The 2004 MM 'Southwold Cutter Class' boat built by Vic Moore

Trevor's JEP with diminutive driver nicely repainted and restored with new windscreens etc.

Geoffrey Turner's restored cutter, nicely turned out in blue, is guided by the hand of God

AW produced this 56" hulk from a recent West country sale and provoked a lot of discussion regarding her provenance. A very nicely made laminated thin walled hull of fine lines suggest a Model Dockyard Schooner got at and converted later in her life to a three masted ship, probably a barquentine with crudely added hatches, poop with shortened counter and forecastle with other details. Others were not so sure arguing that the painted gunports were the mark of an original trading model, the gunport decoration surviving in trading vessels until the end of the 19th C. but even a fruit carrier would not have had such steep floors thus unable to berth on mud if required; a packet perhaps?

Reluctant to sail a square rigger, the owner is still convinced that the well rounded forefoot and generous trail boards (the end of which have been knocked off) with the once longer overhanging counter (now foreshortened to represent a much larger vessel) indeed indicate an elegant and original schooner yacht of the turn of the twentieth century.

But the ports are a rather nice and now a pretty old and pattinated feature.could they be convincingly retained?..come on, what do you think?

An intriguing and short 10R bought for 265; she was advertised as a 6 metre on ebay Geoffrey Turner explained. She would originally have been faired and caulked with white lead and painted; she probably originates from the 20's. The aluminium keel is unusual and is keyed into the hull with aluminium splines.

A fascinating glimpse into the typical Biddle advocated construction of an early country 3'0" racing yacht with planks nailed to solid profiles and steamed ribs between, the whole caulked in white lead putty. Though clearly a 'length rule' boat with near vertical transom and stem, probably raced in a local class, she shows the fashionable influence of a '1730 rule' plank-on-edge cutter of considerable depth and narrow beam for her length.

This wonderful boat was found in the cellar of a house called Framilode Mill which is situated on the banks of the River Severn a stone's throw from Saul junction where the old photograph of the Withy Stick sailors was taken as featured in the last Turning Pole, reports James Witchell. It seems inconceivable judging by her similarity to the boats in that photograph and where she was found, that she did not also race there. Could have been built anytime between 1870 and the 1900's.

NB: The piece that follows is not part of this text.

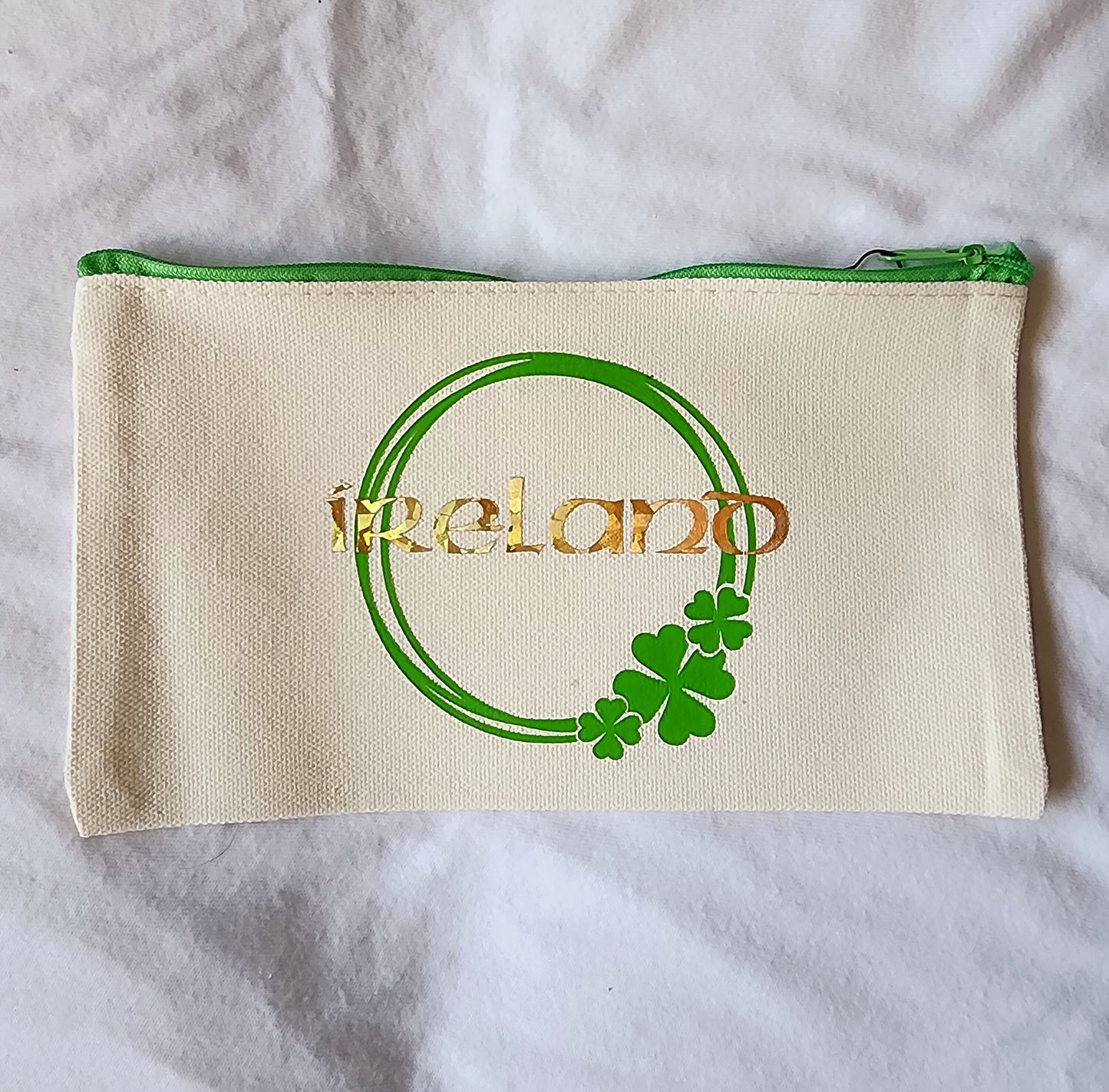Ireland Customizable Makeup Bag, Toiletry Bag, pencil bag, small zip bag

Bruce Prole sailed this attractive vane Marblehead. He also brought along a schooner designed by F J Camm

This fine vessel appears to have trespassed onto the lake from the Small Liner Section. In fact a rather nice 50's kit of a single screw edition of Titanic with bejewelled scuttles by Trevor. She progressed most sedately, followed by what looks like a zeppelin.

Pretty much the star attraction, this beautiful little yacht had fallen apparently into the hands of young Grahame Davis. The workmanship and fittings suggested something as late as the 30's, with the hull design in profile at least of an 80's plank on edge cutter, but with the greater beam of a later boat. No obvious signs whether bought in by Bassett-Lowke, Gamages or any other top retailer. A real conundrum. The Chairman asked for his considered opinion, after a pause thoughtfully remarked " I wish I'd found it."

William Paxton's cutter with a copper bottom and tanned sails; a delightfully proportioned toy yacht restored by Russell Potts. (See Russell's article on Paxton on the website).

Another William Paxton boat restored by Russell Potts, this time a neat schooner, (with a Potts lead weighted tiller special).